Exercise details: The copy must hold exactly the lines from the one with "BCBG Max Azria" through the end of the listing below, and nothing else, with no pictures.

Data block:
↓↓↓

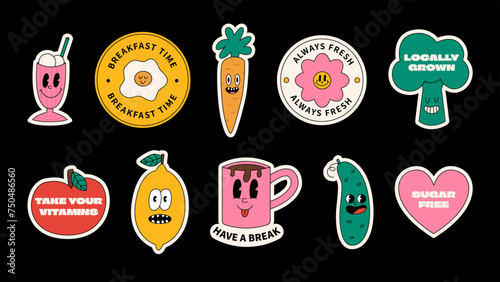 Food groovy retro stickers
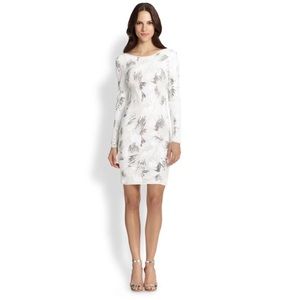 BCBG Max Azria Sequin Long-Sleeve Cocktail Dress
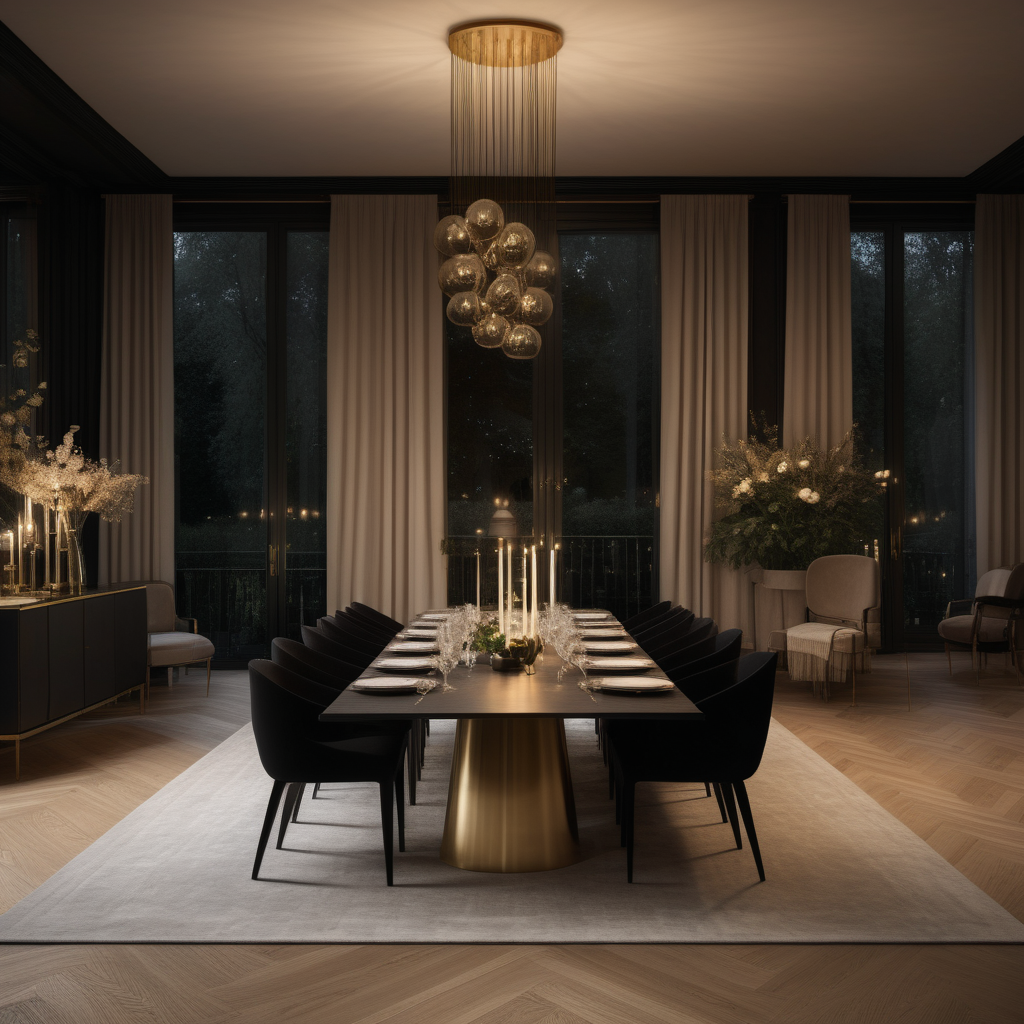 hyperrealistic of an elegant modern Parisian dining room at night at night with table set for 12 people; candles; oak flooring; floor to ceiling windows with a view of the sprawling lush gardens; curtains; mood lighting; beige, oak, brass and accents of black colour palette; modern brass pendant light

↑↑↑

Exercise output:
 BCBG Max Azria Sequin Long-Sleeve Cocktail Dress
 hyperrealistic of an elegant modern Parisian dining room at night at night with table set for 12 people; candles; oak flooring; floor to ceiling windows with a view of the sprawling lush gardens; curtains; mood lighting; beige, oak, brass and accents of black colour palette; modern brass pendant light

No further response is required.